◆ YOUR INSTRUCTIONS:
Beginning with the first line of the data below, extract each line up to and including the one containing "6 pcs Fore Rings". Copy them exactly and add nothing.

── SUPPLIED INFORMATION ──

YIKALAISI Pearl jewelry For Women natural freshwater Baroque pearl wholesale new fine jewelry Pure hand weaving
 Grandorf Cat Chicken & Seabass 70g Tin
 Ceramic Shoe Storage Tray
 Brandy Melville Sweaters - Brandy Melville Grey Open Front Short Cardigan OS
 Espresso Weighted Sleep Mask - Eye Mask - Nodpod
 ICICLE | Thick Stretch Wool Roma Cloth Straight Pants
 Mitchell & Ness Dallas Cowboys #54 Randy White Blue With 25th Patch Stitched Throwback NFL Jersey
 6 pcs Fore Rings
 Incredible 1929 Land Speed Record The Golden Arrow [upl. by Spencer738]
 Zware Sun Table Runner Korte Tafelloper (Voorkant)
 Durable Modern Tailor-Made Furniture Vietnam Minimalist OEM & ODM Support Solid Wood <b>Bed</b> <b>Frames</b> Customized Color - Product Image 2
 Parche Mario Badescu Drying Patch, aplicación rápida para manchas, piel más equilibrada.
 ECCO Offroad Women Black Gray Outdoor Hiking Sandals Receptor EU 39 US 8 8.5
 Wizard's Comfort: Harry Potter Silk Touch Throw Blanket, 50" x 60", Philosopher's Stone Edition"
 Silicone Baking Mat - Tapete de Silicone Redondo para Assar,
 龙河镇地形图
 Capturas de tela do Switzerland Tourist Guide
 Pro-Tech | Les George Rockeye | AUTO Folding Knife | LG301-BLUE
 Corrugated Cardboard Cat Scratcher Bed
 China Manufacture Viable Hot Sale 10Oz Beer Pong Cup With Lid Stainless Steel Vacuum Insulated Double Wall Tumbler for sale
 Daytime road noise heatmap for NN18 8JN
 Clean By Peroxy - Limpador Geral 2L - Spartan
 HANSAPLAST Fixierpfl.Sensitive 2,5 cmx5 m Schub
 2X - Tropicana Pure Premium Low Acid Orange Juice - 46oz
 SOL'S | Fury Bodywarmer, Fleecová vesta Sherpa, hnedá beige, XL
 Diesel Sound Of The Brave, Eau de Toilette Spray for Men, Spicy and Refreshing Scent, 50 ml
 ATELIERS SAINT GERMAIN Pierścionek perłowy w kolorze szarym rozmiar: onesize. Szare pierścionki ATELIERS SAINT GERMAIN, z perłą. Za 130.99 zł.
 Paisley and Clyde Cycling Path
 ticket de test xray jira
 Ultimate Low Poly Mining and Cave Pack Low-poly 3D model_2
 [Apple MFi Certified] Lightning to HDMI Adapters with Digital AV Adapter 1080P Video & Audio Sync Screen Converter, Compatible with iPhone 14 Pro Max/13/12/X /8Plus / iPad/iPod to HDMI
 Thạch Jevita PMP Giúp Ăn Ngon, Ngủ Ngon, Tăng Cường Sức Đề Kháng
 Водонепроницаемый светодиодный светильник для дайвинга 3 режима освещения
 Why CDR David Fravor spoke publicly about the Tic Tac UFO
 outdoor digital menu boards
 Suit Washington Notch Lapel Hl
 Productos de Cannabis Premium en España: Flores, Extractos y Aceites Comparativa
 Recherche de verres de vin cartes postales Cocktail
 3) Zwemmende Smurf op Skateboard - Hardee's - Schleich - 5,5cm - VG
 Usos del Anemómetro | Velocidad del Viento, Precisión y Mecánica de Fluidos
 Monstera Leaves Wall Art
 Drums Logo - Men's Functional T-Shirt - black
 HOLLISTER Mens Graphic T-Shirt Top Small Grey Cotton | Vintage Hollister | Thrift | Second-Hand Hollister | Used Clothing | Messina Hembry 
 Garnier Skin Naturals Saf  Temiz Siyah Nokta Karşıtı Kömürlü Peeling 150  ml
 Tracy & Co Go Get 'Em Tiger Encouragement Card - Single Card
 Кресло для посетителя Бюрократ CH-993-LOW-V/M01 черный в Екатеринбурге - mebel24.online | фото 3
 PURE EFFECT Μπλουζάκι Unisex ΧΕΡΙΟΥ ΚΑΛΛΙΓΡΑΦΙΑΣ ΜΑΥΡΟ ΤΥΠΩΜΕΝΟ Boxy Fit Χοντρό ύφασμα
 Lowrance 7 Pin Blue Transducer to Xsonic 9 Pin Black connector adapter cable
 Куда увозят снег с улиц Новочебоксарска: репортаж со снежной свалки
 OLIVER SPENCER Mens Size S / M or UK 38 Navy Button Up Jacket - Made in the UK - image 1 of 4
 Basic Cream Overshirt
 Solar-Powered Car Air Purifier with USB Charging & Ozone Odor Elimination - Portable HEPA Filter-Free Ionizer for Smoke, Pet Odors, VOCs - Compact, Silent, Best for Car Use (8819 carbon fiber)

───

◆ ANSWER FOR THIS EXERCISE:
YIKALAISI Pearl jewelry For Women natural freshwater Baroque pearl wholesale new fine jewelry Pure hand weaving
 Grandorf Cat Chicken & Seabass 70g Tin
 Ceramic Shoe Storage Tray
 Brandy Melville Sweaters - Brandy Melville Grey Open Front Short Cardigan OS
 Espresso Weighted Sleep Mask - Eye Mask - Nodpod
 ICICLE | Thick Stretch Wool Roma Cloth Straight Pants
 Mitchell & Ness Dallas Cowboys #54 Randy White Blue With 25th Patch Stitched Throwback NFL Jersey
 6 pcs Fore Rings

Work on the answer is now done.